Obsession with growth rate is the dominant ideology of mainstream economics, as well as of demagogues habituated in befuddling the people. So India, despite her dehumanizing inequality across the population in terms of income, wealth and other entitlements as well as its abysmal position regarding the Human Development Index, is continuously projected by successive governments as the fastest growing economy in the world although this growth has been achieved at the expense of the capabilities of the broad masses. But this pride has been somewhat hurt owing to the adverse impact of the surgical strike of demonetisation. No amount of statistical jugglary can hide the fact that the informal sector has been badly hurt and numerous persons have been rendered jobless, not to speak of the horrible harassments of the ordinary money-using people, including the salaried classes. According to Professor Pranab Bardhan's estimate, the loss of GDP is about Rs 2.5 trillions, which is mostly the loss incurred by the poorer sections working in the informal sector. Small-scale entrepreneurs and farmers have also suffered along with the labourers.

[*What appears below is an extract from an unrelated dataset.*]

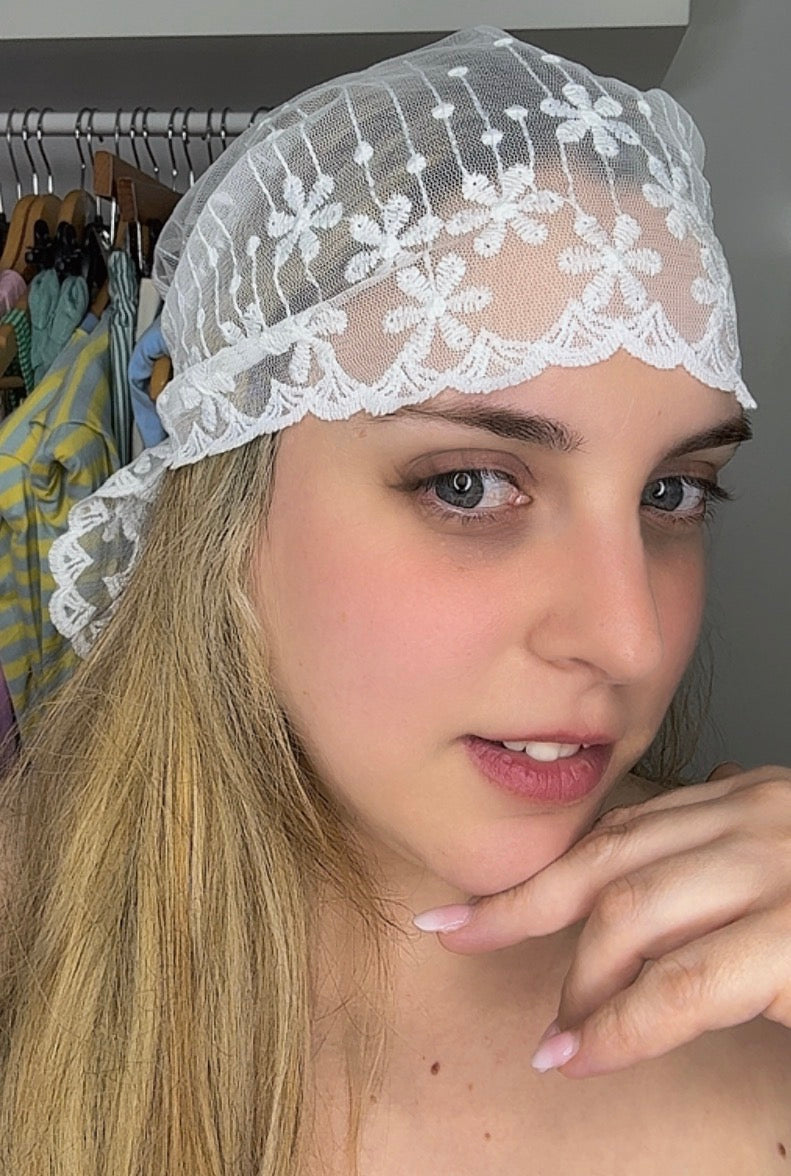 Pañuelo encaje blanco 5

It was imperative for Narendra Modi and Arun Jaitley to take into consideration this stark fact in view of the coming assembly polls in several states because their project of communal polarisation has gone haywire. Hence they have to give some sops if only for the sake of votes. They, along with their apologists called economists, had been clamouring for the abolition of the NREGP step by step, calling it an unproductive burden on the economy. But curiously enough, allocation on this score has been enhanced by Rs 95 billions in this year's budget. It is not known what economists like Jagdish Bhagwati or Asok Sanjay Guha have to say on this U-turn. If the increase in allocation for the NRGEP is unexpected, the steps towards a cashless economy is not. The drive for further digitalisation by imposing a ban on cash transactions over 3 lakhs is patently meant to serve the corporates who would extract their commissions as 'providers' of digital service.

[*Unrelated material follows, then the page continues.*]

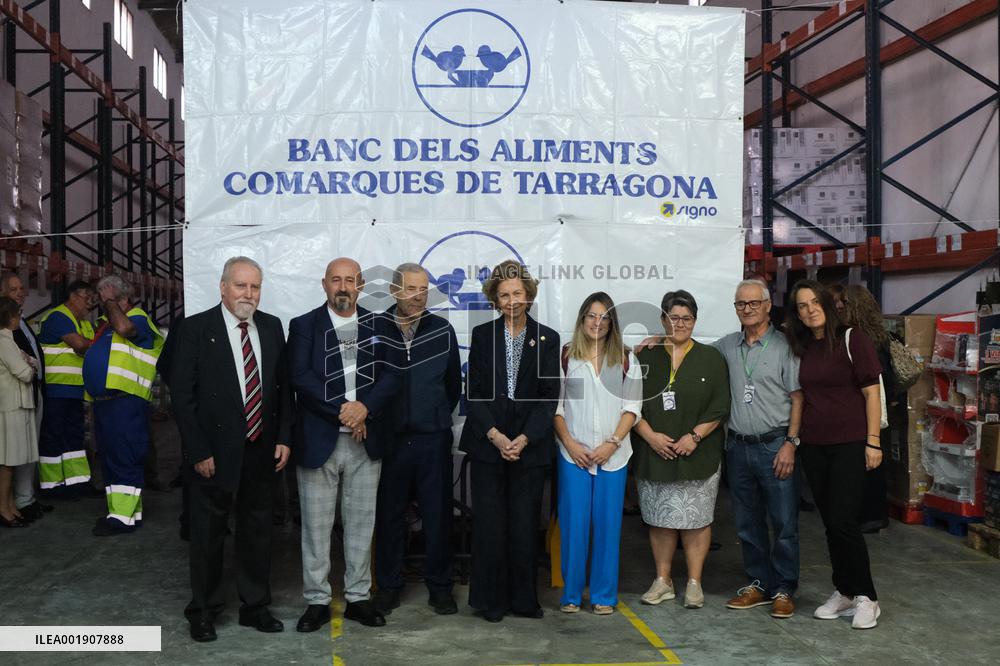 Queen Sofia visits the Banc dels Aliments Foundation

It is noteworthy that there is no reference to the agrarian crisis engulfing the economy. About the massive doses of agricultural credit, Rs 19 trillions, which the Finance Minister claimed to be a 'record' amidst huge applauses from the treasury bench, it can be legitimately said that according to RBI data, total credit deployed in agriculture amounted to Rs 9.1 trillions till November 25, 2016. Hence this may well be close to Rs 10 trillions or even more at the end of this fiscal year. More importantly, who stand to gain by this credit? Small farmers or agri-business companies? According to a leading agricultural economist, eighty to ninety percent of the Rs 10 trillions will eventually 'go to the corporates in the name of farmers'. The economist further writes, "I have been asking the finance ministry to categorise the farm loans under two different categories so as to remove the illusion as if the entire amount is meant for the farmers, but to no effect". (The Telegraph, 2 February) In passing, it may be mentioned that according to the National Crime Records Bureau's estimate, there were 12602 farm suicides in 2015, more than three percent from the previous year.

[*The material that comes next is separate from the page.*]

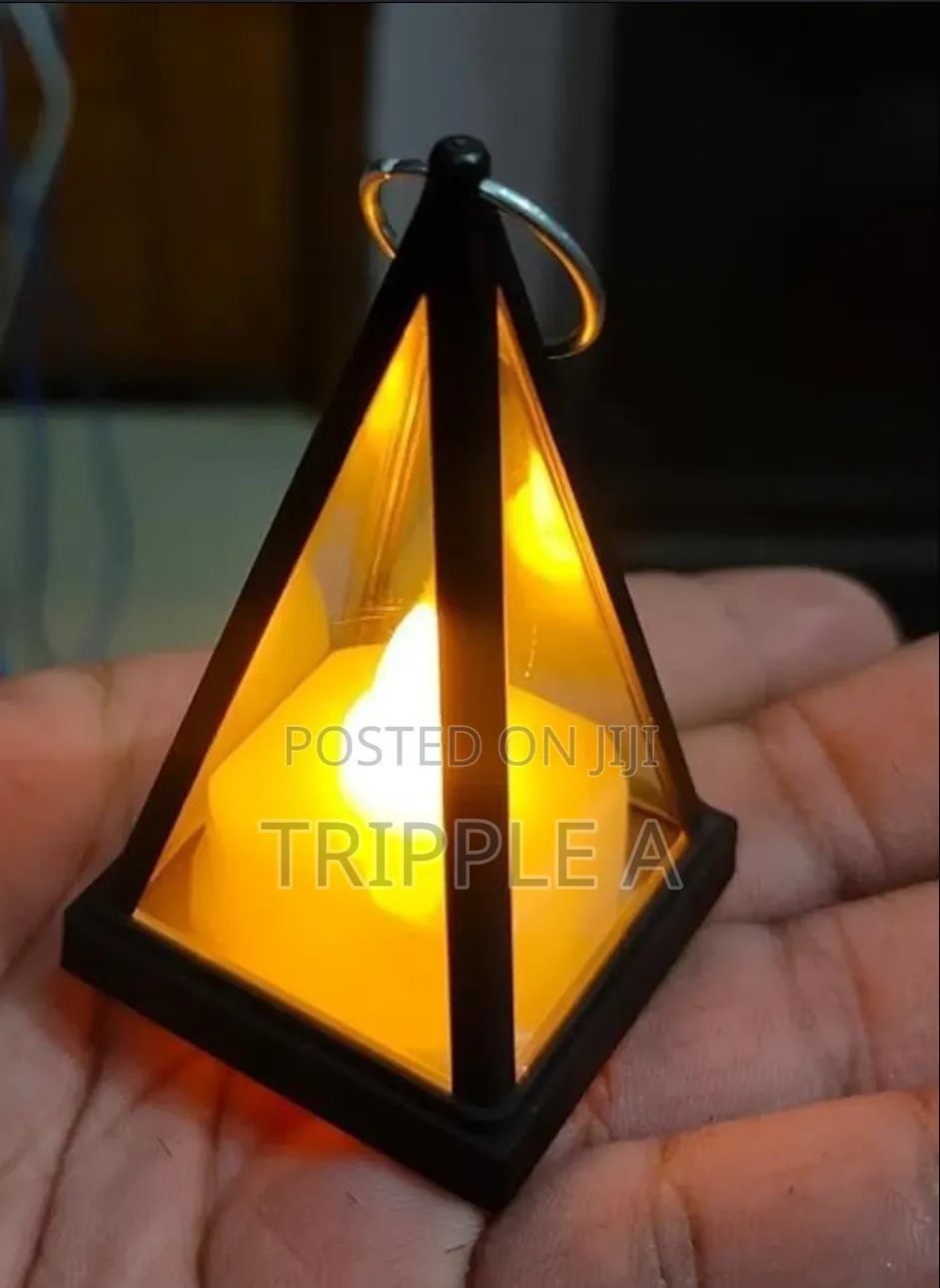 1pcs Led Triangular Wind Light Decoration Lamp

Following Jaitley, the budget has been called by some a rebellion against 'corruption'. What the forms of corruption in this country are is not however clear. The government is supposed to be in possession of the list of persons having large amounts of black money kept in foreign banks. It is clear that Narendra Modi or Arun Jaitley are not at all interested in punishing them or in bringing back this money; otherwise, some suggestions in this regard would have been there in the budget. More-over there is not even the slightest hint as to how the unrepaid bank loans should be recovered and whether and how how, if at all, the big defaulters, namely the Reliance Group, the Vedanta Group, the Adani Group, the Essar Group etc would be punished. The not-so-poor middle classes have got some income-tax reliefs and they, true to their opportunistic tradition, may bless Modi and Jaitley, but the regime of loot and plunder is to remain untouched. The latest report is that the Bharatiya Janata Party (BJP) poll managers are sceptical of the ability of the budget to deliver the goods in the coming state assembly polls. So the budget may not be a success, even politically.